Once you find the line with "Mulher dos desenhos" in the data that follows, repeat it and every line after it exactly, through the line with "Women's '47 Black".

***

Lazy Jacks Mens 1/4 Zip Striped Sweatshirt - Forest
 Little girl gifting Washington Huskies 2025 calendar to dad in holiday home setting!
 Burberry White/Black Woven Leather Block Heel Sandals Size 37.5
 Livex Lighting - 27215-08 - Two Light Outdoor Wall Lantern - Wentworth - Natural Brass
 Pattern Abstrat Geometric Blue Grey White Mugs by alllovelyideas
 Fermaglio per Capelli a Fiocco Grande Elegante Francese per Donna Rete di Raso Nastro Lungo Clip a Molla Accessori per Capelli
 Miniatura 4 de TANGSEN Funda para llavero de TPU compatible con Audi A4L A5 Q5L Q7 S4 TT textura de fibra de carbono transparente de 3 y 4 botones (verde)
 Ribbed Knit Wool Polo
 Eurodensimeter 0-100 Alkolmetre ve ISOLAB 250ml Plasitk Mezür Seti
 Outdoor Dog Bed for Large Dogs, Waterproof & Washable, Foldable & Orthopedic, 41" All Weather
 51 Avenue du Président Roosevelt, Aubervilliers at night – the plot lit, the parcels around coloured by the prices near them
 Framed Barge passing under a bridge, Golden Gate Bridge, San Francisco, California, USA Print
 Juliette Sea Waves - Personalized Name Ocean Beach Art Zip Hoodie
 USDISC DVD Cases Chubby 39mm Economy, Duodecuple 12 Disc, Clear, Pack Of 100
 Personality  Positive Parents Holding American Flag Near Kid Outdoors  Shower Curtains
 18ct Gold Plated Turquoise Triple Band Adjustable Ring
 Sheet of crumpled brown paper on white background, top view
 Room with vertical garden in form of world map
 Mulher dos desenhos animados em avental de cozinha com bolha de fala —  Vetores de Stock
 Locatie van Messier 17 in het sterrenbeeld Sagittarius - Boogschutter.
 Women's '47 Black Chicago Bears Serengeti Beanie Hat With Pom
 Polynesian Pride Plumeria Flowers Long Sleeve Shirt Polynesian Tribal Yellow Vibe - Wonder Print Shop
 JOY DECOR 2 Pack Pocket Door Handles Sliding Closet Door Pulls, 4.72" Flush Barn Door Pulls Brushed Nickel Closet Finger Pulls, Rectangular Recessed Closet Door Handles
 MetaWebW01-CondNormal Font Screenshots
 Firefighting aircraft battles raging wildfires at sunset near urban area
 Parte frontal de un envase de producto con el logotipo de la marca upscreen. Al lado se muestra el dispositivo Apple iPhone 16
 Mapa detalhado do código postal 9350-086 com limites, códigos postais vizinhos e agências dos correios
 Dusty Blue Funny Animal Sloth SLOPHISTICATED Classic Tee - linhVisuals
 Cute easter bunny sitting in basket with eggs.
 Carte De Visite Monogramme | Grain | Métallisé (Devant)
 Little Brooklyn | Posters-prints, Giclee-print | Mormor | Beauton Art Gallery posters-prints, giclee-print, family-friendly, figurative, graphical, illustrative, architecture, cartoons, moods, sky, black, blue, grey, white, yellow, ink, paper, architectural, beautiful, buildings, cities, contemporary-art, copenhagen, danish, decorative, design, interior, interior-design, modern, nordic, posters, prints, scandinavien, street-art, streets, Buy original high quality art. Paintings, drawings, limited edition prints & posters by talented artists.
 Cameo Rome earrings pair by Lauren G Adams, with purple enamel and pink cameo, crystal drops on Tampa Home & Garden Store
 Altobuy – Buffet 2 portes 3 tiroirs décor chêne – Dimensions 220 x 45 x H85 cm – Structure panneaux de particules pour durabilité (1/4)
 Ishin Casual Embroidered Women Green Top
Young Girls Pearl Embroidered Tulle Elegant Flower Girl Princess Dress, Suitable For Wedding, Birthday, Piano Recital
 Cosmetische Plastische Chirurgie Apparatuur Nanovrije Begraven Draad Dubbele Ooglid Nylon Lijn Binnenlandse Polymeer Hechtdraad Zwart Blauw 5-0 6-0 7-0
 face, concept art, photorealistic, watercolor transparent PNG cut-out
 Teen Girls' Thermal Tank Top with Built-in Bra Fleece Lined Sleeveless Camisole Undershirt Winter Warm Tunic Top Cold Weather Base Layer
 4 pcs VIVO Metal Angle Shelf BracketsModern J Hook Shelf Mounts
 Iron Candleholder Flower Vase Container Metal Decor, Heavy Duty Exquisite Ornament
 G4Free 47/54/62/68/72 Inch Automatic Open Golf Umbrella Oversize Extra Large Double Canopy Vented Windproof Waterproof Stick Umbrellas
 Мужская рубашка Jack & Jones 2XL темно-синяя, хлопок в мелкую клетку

***

» OUTPUT
 Mulher dos desenhos animados em avental de cozinha com bolha de fala —  Vetores de Stock
 Locatie van Messier 17 in het sterrenbeeld Sagittarius - Boogschutter.
 Women's '47 Black Chicago Bears Serengeti Beanie Hat With Pom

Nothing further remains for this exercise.